If you also work with Javascript this will feel very familiar:
let m = "abc".match(/(a)(b)(c)/)
console.log(m instanceof Array) // true
console.log(m.length) // 4
console.log(Array.from(m)) // [ 'abc', 'a', 'b', 'c' ]
let [abc, a, b, c] = m
console.log(abc) // abc
console.log(a) // a
console.log(b) // b
console.log(c) // c
Back in 2016, the re.Match
object API was expanded to include __getitem__
as a shortcut for .group(...)
.
The goal was to improve usability and approachability by making re.Match
objects fit a bit more seamlessly into python’s core data model. Accessing groups via subscripting is now intuitive, but because re.Match
objects only have a __getitem__
and no __len__
, they can’t be used as a proper Sequence
type.
To me, this always felt a bit awkward. After digging up the original discussion, it seems like the reason why __len__
didn’t make it was that it was still undecided whether the returned value should take into account group 0
or not.
Almost a decade later, as a user, the way I see it is that the __getitem__
implementation we’re now used to suggests a regular Sequence
type that also happens to transparently translate group names provided as subscript to their corresponding group index. In fact, this is actually how it works in the underlying C code.
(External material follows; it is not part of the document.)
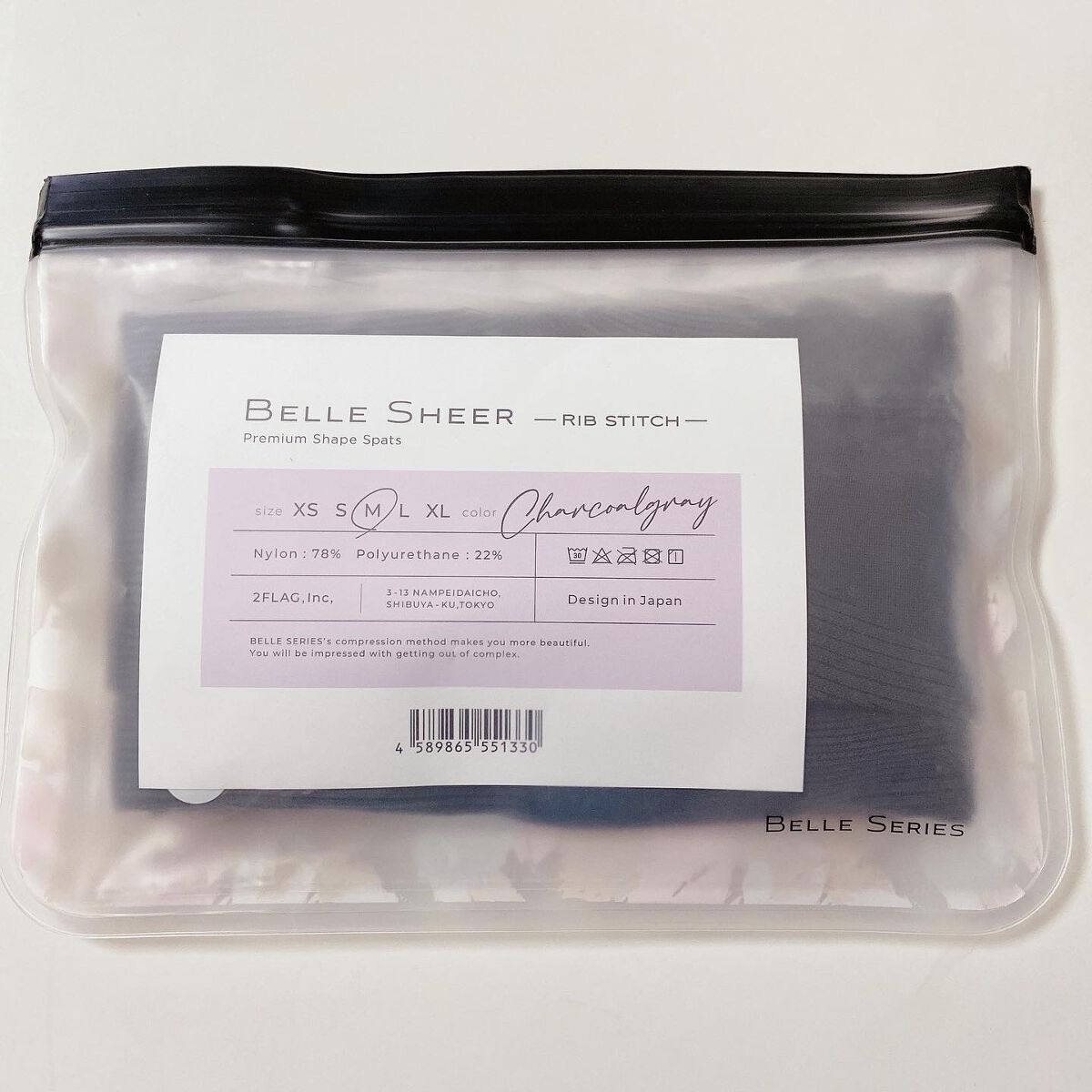 ベルスキニー 着圧レギンス/BELLE SERIES/着圧ソックス・レギンスを使ったクチコミ(3枚目)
With this in mind, we can simply define __len__
taking into account group 0
, and we’ll finally be able to enjoy coherent re.Match
objects that behave as proper Sequence
types.
I have a working pull request, feel free to check it out:
How would named groups work here?
The re.Match
object is a collection of associated matched groups, which all have an index. The fact that some of them can additionally be referenced by name doesn’t change anything to the number of matched groups associated to the match object.
Named groups are a non-exhaustive mapping. This is why I’m suggesting that __len__
should return the total number of matched groups. The Sequence
protocol is guaranteed to offer a complete bijection. The fact that the __getitem__
implementation also works with group names is just a nice convenience on top.